▶ [What you need to do]
Note the line containing "Max Mara Brown Blazer Virgin Wool"; from it through the last line below, give only those lines again, exactly, both ends included, skipping pictures.

[Crawled caption data]
=======

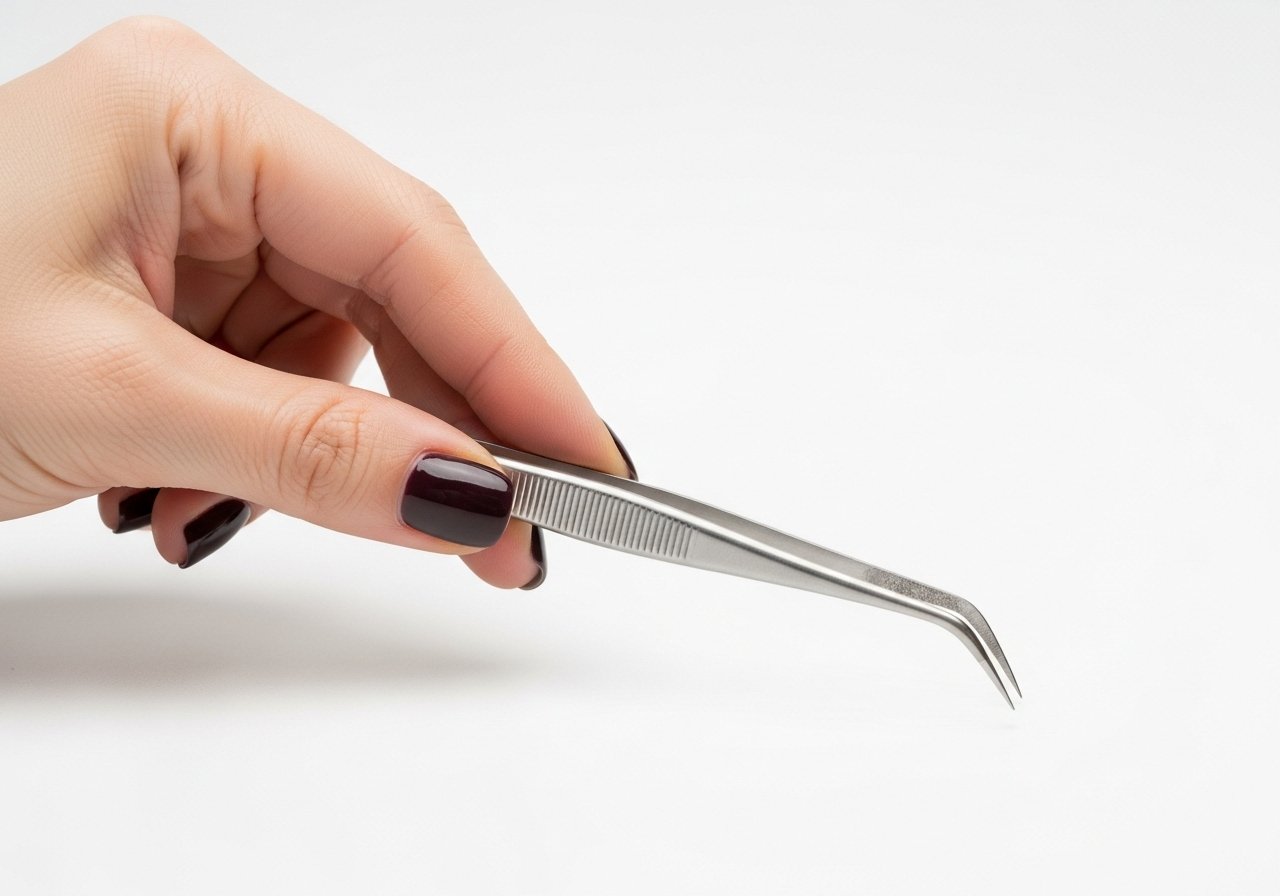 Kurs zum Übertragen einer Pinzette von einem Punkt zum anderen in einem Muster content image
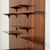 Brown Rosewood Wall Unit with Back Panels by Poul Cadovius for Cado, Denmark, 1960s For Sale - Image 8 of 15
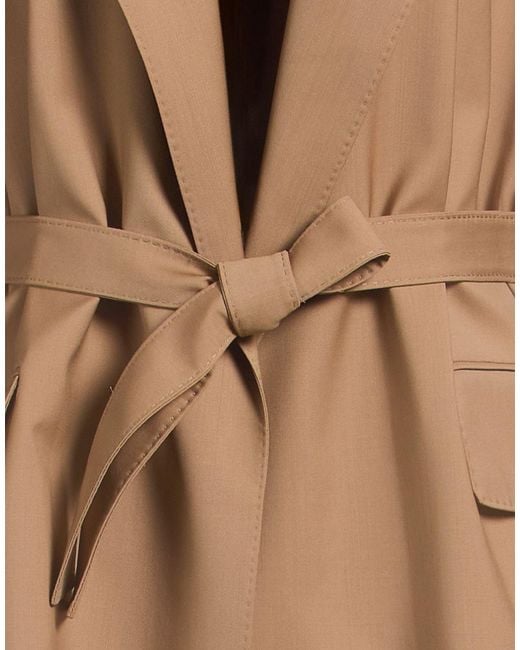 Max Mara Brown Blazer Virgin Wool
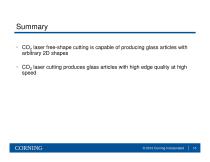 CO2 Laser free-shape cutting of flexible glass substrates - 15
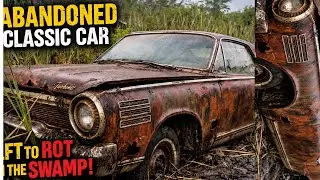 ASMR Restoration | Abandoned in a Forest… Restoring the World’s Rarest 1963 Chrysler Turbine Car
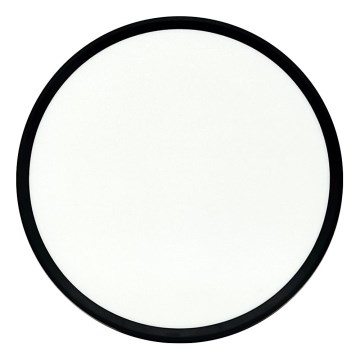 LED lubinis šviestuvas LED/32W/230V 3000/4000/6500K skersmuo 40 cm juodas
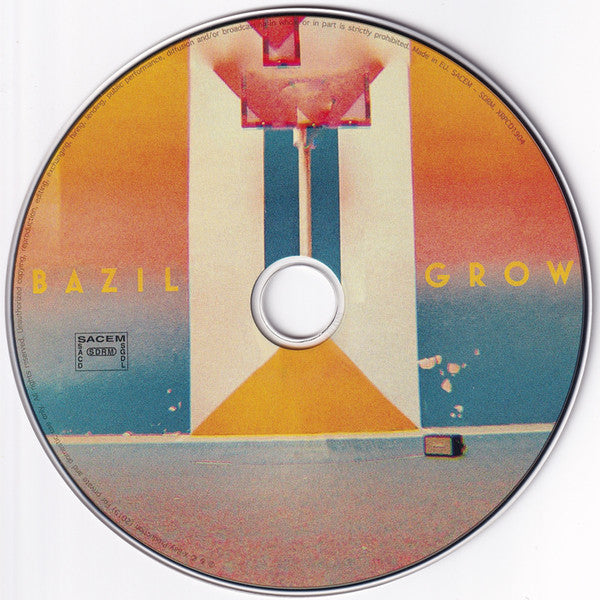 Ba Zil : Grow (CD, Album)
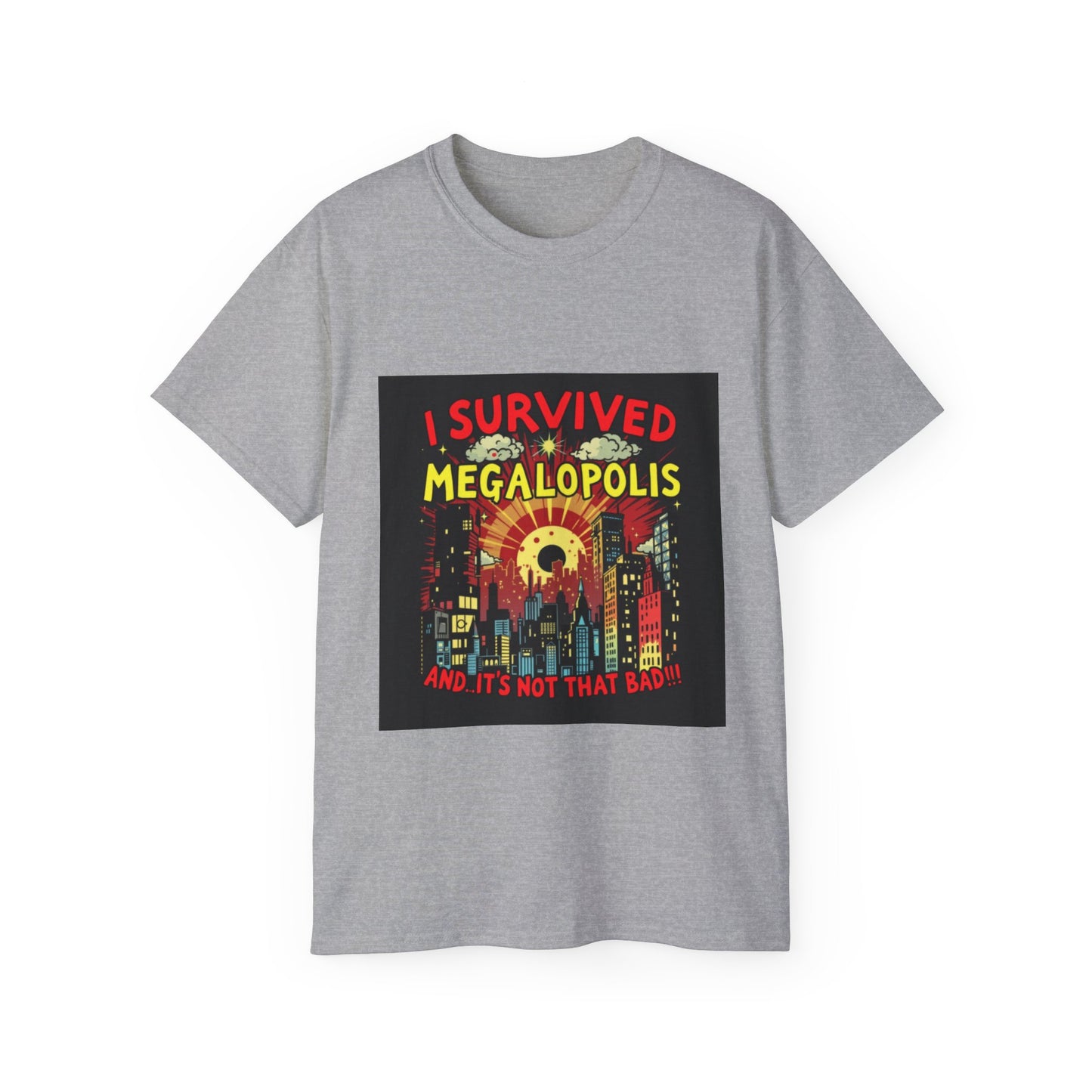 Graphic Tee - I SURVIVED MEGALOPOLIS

=======

▶ [Output of the exercise]
 Max Mara Brown Blazer Virgin Wool
 CO2 Laser free-shape cutting of flexible glass substrates - 15
 ASMR Restoration | Abandoned in a Forest… Restoring the World’s Rarest 1963 Chrysler Turbine Car
 LED lubinis šviestuvas LED/32W/230V 3000/4000/6500K skersmuo 40 cm juodas
 Ba Zil : Grow (CD, Album)
 Graphic Tee - I SURVIVED MEGALOPOLIS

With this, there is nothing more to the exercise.